Pytorch's getting slower batch by batch within one epoch

Hi
I am using LSTM to deal with sequences (sequence to sequence model). In my case the whole training set contains about 7000 sequences with variable length, so I use dataset and dataloader classes to feed my data into the model, with batch_size equal to one.
Now the problem I have is, the processing time is not equal for each batch, it is gradually increasing, for example, in the beginning, processing 50 sequences neededonly 1 minute but after 2000 sequences, processing 50 sequences took about half hour, and the time keeps increasing now, I don’t know what causes this problem? I also noticed that the memory consumption was also increasing, which should not happen. Any ideas?
Thanks!

1 Like

If the memory consumption is gradually increasing, I reckon you are saving/generating some variables between each epoch without releasing them. Check the code carefully If it’s not the case

Try the following on platform 1:
torch.backends.cudnn.enabled = False

Also separately maybe try:
torch.backends.cudnn.benchmark = True

This might help

Thank you, Devansh! I will check them.
You remind me that when I use dataset and dataloader, for each batch, I generated one variable for sequence and one variable for label. I don’t explicitly release them, and I haven’t seen any examples of doing that. I think it might be the problem. Do you know how to release them please?

If you continuously accumulate the results of variables, you never frees your computation graph.
A common error is to accumulate the total loss for an epoch/training as follows:

total_loss += loss

This actually holds your variables, avoiding you to ever free them. In this case, you should do instead (because you don’t want to backprop through the total_loss, only print its value)

total_loss += loss.data[0]
1 Like

Thank you Francisco.
But I didn’t do that.

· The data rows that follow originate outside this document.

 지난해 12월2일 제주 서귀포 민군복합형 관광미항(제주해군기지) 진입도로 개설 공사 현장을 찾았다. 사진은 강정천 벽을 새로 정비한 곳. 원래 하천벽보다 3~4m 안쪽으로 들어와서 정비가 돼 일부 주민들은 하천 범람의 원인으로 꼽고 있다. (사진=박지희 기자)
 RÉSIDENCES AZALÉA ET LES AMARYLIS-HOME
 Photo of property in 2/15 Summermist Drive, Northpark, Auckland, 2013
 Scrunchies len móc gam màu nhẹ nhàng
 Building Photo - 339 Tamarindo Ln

Below is part of my code

for batch_idx, batch_sample in enumerate(dataset_loader_train):
    inputs, label = batch_sample['seq'], batch_sample['label']
    if USE_CUDA:
        inputs, label = inputs.cuda(), label.cuda()
    label = label.view(inputs.size()[1])
    inputs = inputs.view(inputs.size()[1], 1, -1)
    inputs, label = Variable(inputs), Variable(label)
    optimizer.zero_grad()
    outputs = model(inputs)
    loss = criterion(outputs, label)
    loss.backward(retain_graph=True)
    optimizer.step()

Then maybe somewhere in your model you are doing something similar, holding into tensors that keeps history and thus when you backprop you have huge graphs that increase over time.

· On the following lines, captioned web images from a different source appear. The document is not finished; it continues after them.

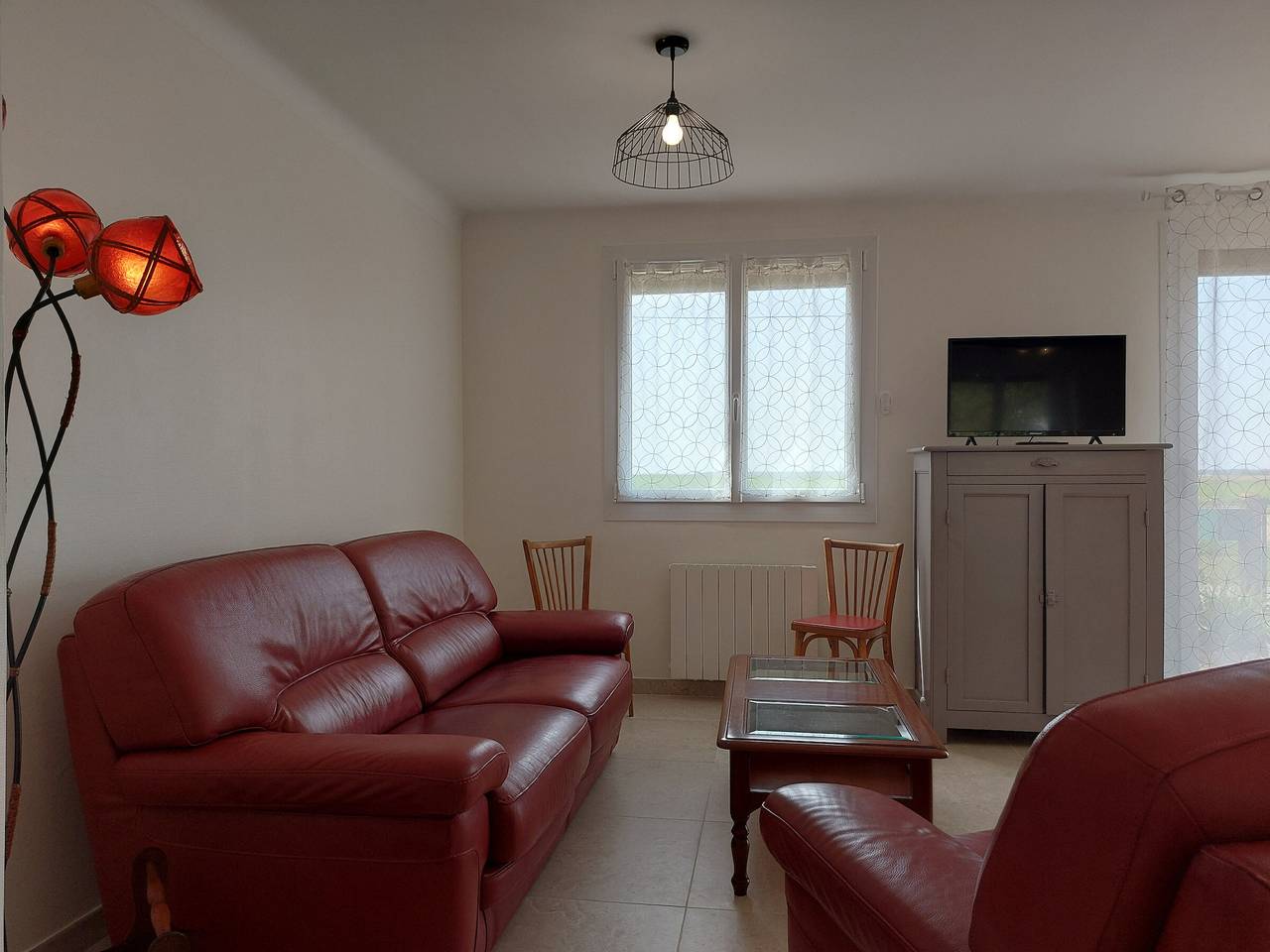 Maison familiale au calme avec jardin et barbecue in Saumeray, Région de Châteaudun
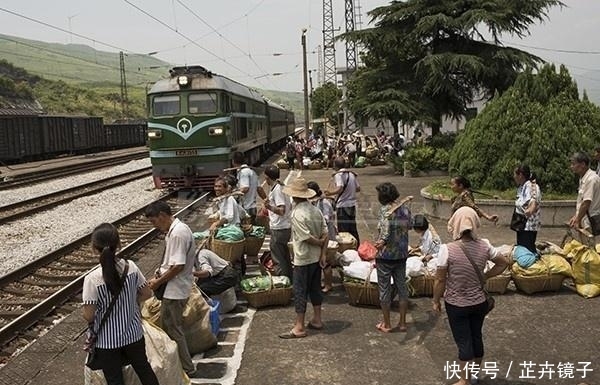 火车上的饭也不贵，农民饿着也不愿买，为啥？老农3句话扎心了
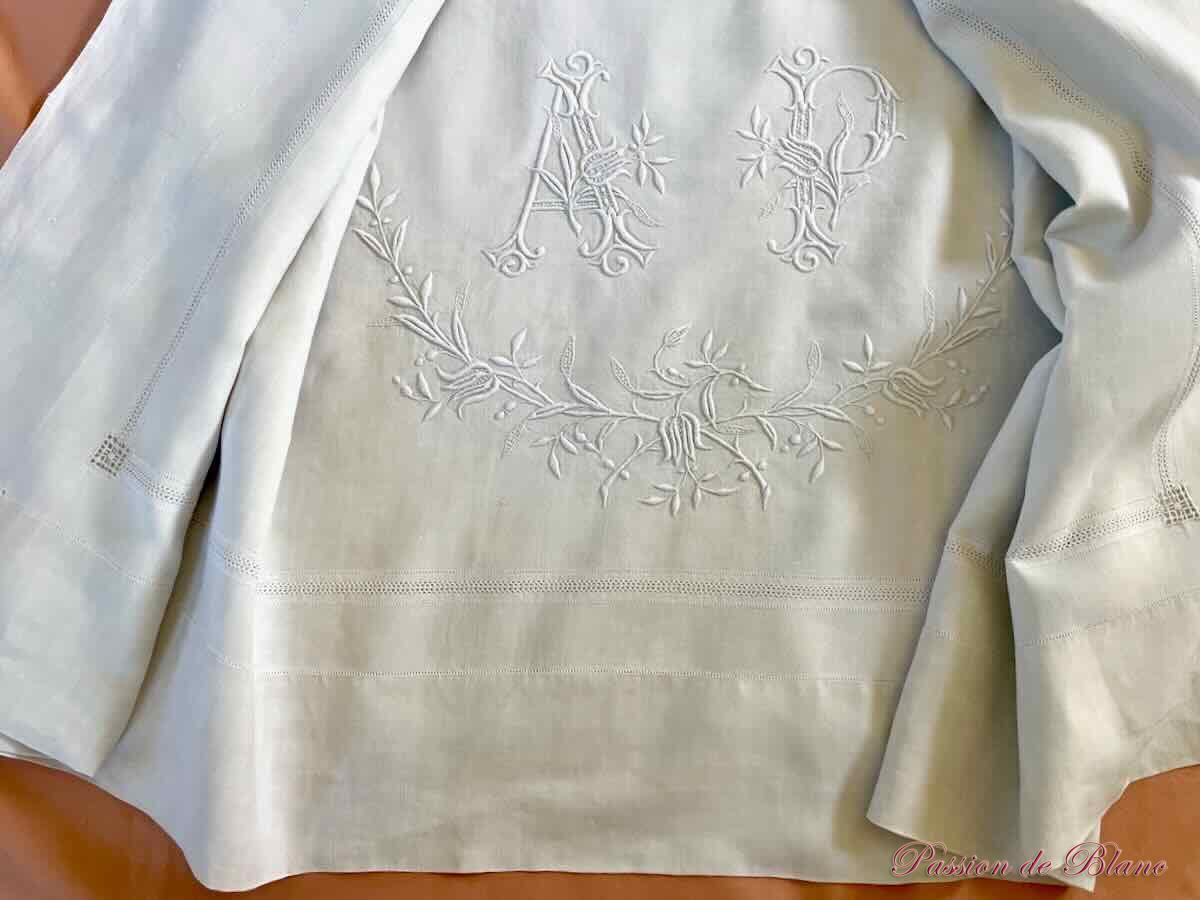 Drap une personne lin fin AP brodé main, découverte avec retours – Image 6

I couldn’t spot anything abnormal… Below is my model

  class PredRNN(nn.Module):
  def __init__(self, rnn_type, input_size, hidden_size, output_size, n_layers=1, dropout=0.0,
             bidirectional=False):
    super(PredRNN, self).__init__()
    self.input_size = input_size
    self.hidden_size = hidden_size
    self.output_size = output_size
    self.n_layers = n_layers
    self.rnn_type = rnn_type
    self.dropout = dropout
    if bidirectional:
        self.multiply = 2
    else:
        self.multiply = 1
    if self.rnn_type == 'lstm':
        self.rnn = nn.LSTM(self.input_size, self.hidden_size, self.n_layers, dropout=self.dropout)
    elif self.rnn_type == 'gru':
        self.rnn = nn.GRU(self.input_size, self.hidden_size, self.n_layers, dropout=self.dropout)
    else:
        self.rnn = nn.LSTM(self.input_size, self.hidden_size, self.n_layers, dropout=self.dropout)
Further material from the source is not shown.